…but Your Outfit Can Be. I took a picture last summer of this sign at a Western wear store in Pinedale, Wyoming (Cowboy Shop). I loved the saying, but little did I know how often I would reflect on it this summer, which has had its difficulties.
And even when my outfit, like Life, is far from perfect, which has been often, I know there is always Hope, and yes, that is hope with a capital H.
*******
What a long hiatus it has been between my last musings about Trench coats and Dressmaker coats and pink gingham. The final, finishing stitch in my pink checked coat was in mid-June, and at this point I can hardly remember what I wanted to say about it.

It does seem appropriate to start with the changes I made to the pattern, of which there were two major ones. The first change was to the size of the collar. In the 1970s long pointed collars were a trend. Although I like a pointed collar, one with a more petite profile seemed to be a little more flattering and classic. To achieve this desired look, I shortened the collar’s points by about an inch on either side.

When I made this coat in 1974, I remember being a bit disappointed with the volume of the back of the coat. I was using a cotton twill, so it was a heavier fabric than the silk taffeta in my new version, making the volume seem even more pronounced. But even so, I thought I would be happier with a less full back. I experimented around with my muslin/toile until I got the desired girth. It turned out I eliminated a total of three inches from the back pattern pieces, 1 ½” from each side back panel.

In addition to these alterations, I had a slight construction change. The instructions for the gathering of the lining at the back waistline called for using elastic thread. First of all, I didn’t have any elastic thread, nor did I think it would give the look I wanted even though it would not be very apparent on a lining. Instead, I had some elastic cord, and I attached it by hand, using embroidery floss in a criss-cross stitch enclosing it the width of the back. Worked like a charm, and I like the effect it made.

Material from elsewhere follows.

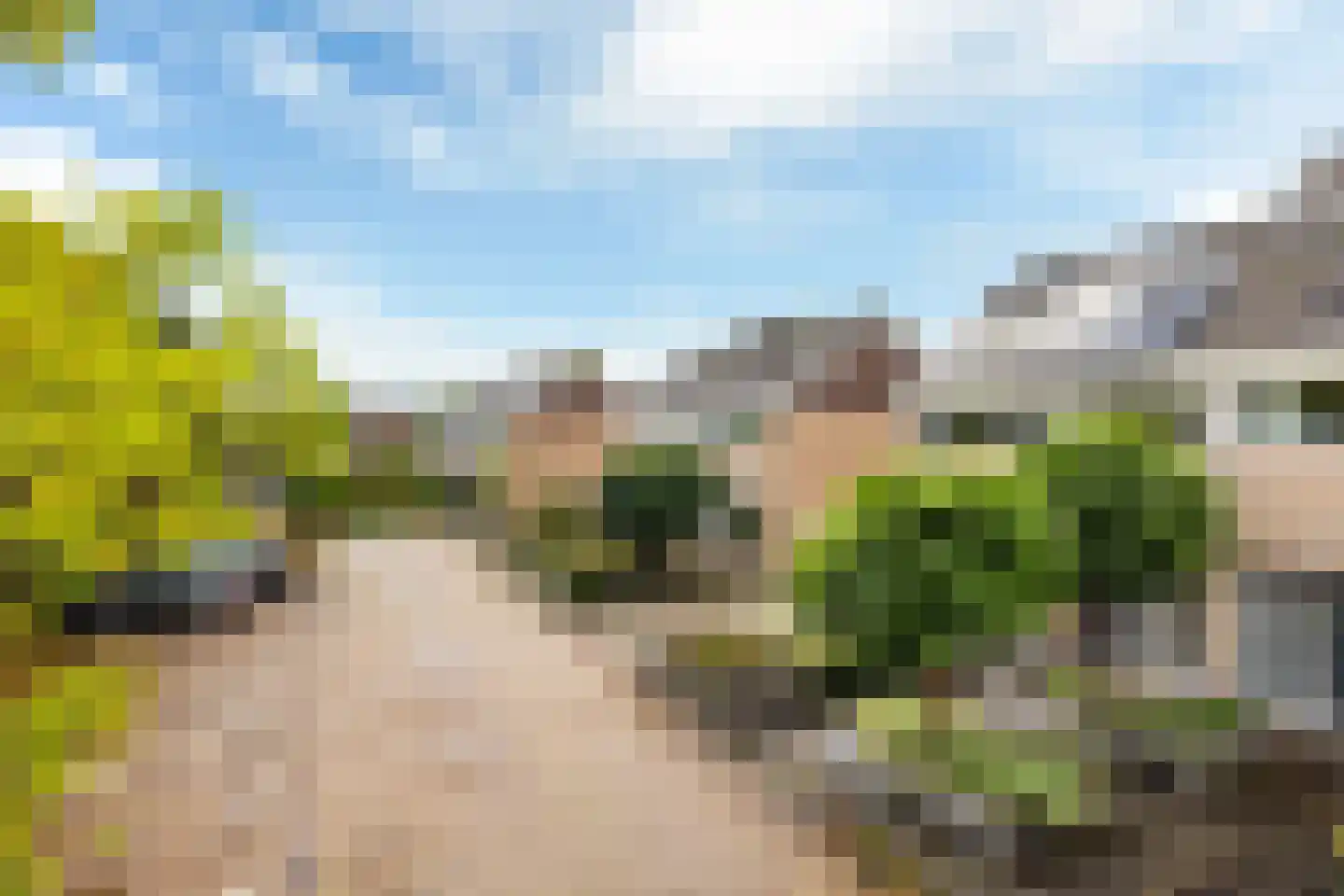 Healwei 15 Beetsterzwaag thumbnail 52
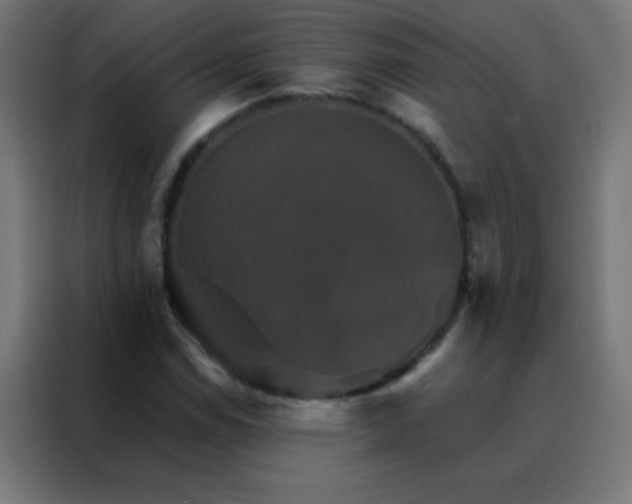 X0000088201114200705221717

Once I had the coat partially assembled, I decided I would have liked it to be a bit longer than I planned with the muslin. I was very tight with fabric, so I really could not have cut it longer and still been able to get the coat out of the fabric I had. So, to gain another inch and a half, I decided to face the hem right to the point where the lining would be attached. It certainly took extra effort, but I’m glad I did it as I much prefer the slightly longer length.
The one thing I would change should I ever make this coat again (which I doubt) would be to add about an inch or so to the diameter of the cuffs. I would like to keep them buttoned and be able to slip my hands through them. As they are, they are too tight to do that. This was something I could have determined had I made a muslin/toile with completed sleeves, which I did not. All I did was check the length. A good reminder to me to be more thorough in situations like this.
When I was planning this coat, I intended to use this vintage silk fabric for the lining.
However, even though I underlined the fashion fabric with white cotton batiste, I felt there was a slight “see-through” of the black details in the print of the intended fabric. In the meantime, I had ordered a piece of polished cotton in “Paris Pink” from Emma One Sock Fabrics. Although not an exact match, the two fabrics – the pink checked taffeta and the polished cotton – made a pretty pair so I changed course, and the rest is history.
No report on this coat would be complete without mention of the buttons. Again, I went with vintage mother-of-pearl buttons. These have a carved detail in them, which I thought would pair nicely with the gingham.

This was an involved, lengthy project. I was rather in awe of my 24-year-old self for attempting it “back in the day.” But making it again brought back hidden memories (good ones) and new appreciation for all that I have learned over the ensuing years. Wearing my new version of this Trench-inspired coat will, I believe, fall into the “nearly perfect“ category.